SACRAMENTO, Calif. - Sacramento businesswoman Martha Watts says she has “heard it all” when it comes to flimsy excuses for not showing up to work.
One worker had a “stubbed toe.” Another couldn't come to work because of “bloodshot eyes.”
She said that employees have had their spouses call her because her employee has been “afraid to face me.”
According to CCH, Inc., a Rosewood, Ill., company that provides employment law information for human resources professionals, unscheduled employee absenteeism costs an average of $755 per employee per year. For Ms. Watts' 30-employee All Stat Courier Service, that translates to $22,650.
And, as Ms. Watts suspects, many people who take a “sick day” may not really be “sick” at all.
Only one-third are genuinely ill, according to CCH. The rest have family issues, are stressed out or are taking care of personal needs. About 9 percent of people who are out sick just feel as if they deserve the day off, CCH said.
Heath Langle was one of them. When he was working in fast food in his early 20s, the Roseville, Calif., resident said he would call in sick just so he could go out with friends, something he would not consider doing now at his current job in a law office.
“With minimum paying jobs, the glory's not there and the money's not there,” Mr. Langle said. “When you ... don't have vacation time, and they've denied your request to take Memorial Day weekend off, you develop the flu.”
Most workers, however, deny ever having fudged on a no-show call to the office.
Linda O'Neal, a customer service representative at the California State Automobile Association, said she calls in sick only when “I'm flat on my back and I can't move.”
The same with Yolanda Williams, a sales associate at Spa and Patio Emporium in Rocklin, Calif., who can't remember the last time she missed work.
“I think it's really irresponsible,” Ms.
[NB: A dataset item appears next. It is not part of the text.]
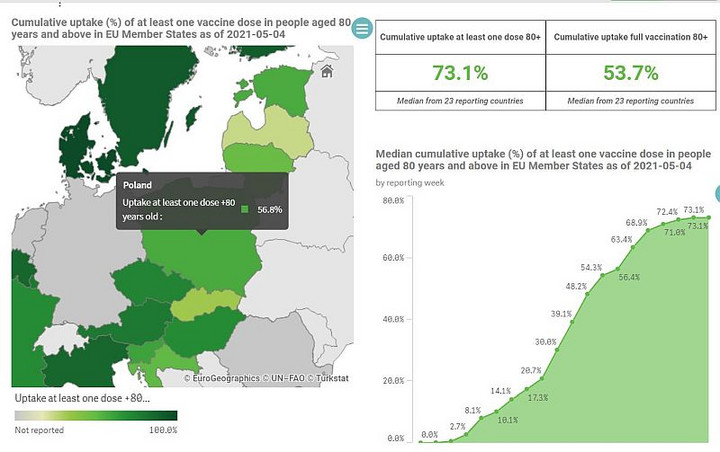 Szczepienia 80-latków w Polsce i Europie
Williams said of people who call in sick when they really aren't. Besides, Ms. Williams said, she sells on a commission. If she doesn't show up, she doesn't make money.
Some employees don't call in because they're hampered by guilt.
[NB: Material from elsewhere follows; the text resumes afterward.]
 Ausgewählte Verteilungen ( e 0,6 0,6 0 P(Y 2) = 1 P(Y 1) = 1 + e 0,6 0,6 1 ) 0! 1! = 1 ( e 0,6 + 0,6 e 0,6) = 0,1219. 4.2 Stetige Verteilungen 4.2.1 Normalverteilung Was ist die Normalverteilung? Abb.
“I never do it. The nuns did a good job on me in grade school,” said Charlotte Broussard, an administrative analyst who works for the city of Sacramento. “I learned if you lie, God will get you.”
Most workers don't take advantage of sick leave programs, according to CCH, which said the average full-time employee is allowed 8.4 sick days a year but uses only 6.8.
Nucleus Technologies, an Arlington, Va., firm which consults companies in “absence management,” has identified the following absence trends:
wAbsences go up during periods of downsizing, productivity demands and economic downturns.
wAbsence is more prevalent among young workers than older workers.
wAbsences are higher on Mondays and Fridays.
Managers can curb unscheduled absences, but “Draconian policies” are the least effective method for doing it, said Michael Scofield, senior vice president of Nucleus Technologies.
“At the most basic, high absence rates are an organizational issue,” Mr. Scofield said. Managers need to ask: “What is it about the workplace that pushes people away?”
Often the answer lies in the company's failure to give workers a sense of their “importance and value to the organization,” he said.
Some employers have turned to absence control programs to deal with the problem of unscheduled days off.
Benefits such as flexible scheduling or paid time-off banks where employees use allotted hours for whatever purpose they want - sick days, personal time or vacation - can help reduce unscheduled days off, human-resource experts contend.
At PolyComp Administrative Services, Inc., a pension-consulting firm, flexibility and sensitivity to work/life balance has helped to reduce unplanned absences, said Evelyn Fallon, vice president of human resources.
The company has offices in three California cities - Roseville, Woodland Hills, and San Diego - and all of them are closed on Friday afternoon. Employees are encouraged to use Friday afternoons to take care of the type of personal business that often interferes with work.
The company has several programs for workers to gain that flexible time.
It offers an 8 a.m. to 8 p.m. shift for an employee who wants to keep long weekends. Another employee works from home a couple of days a week.
“We don't want people playing games,” Ms. Fallon said, so the company allows for planned absences. Some people may feel they need a “mental health day” every quarter, or an extra day before or after a holiday, she said.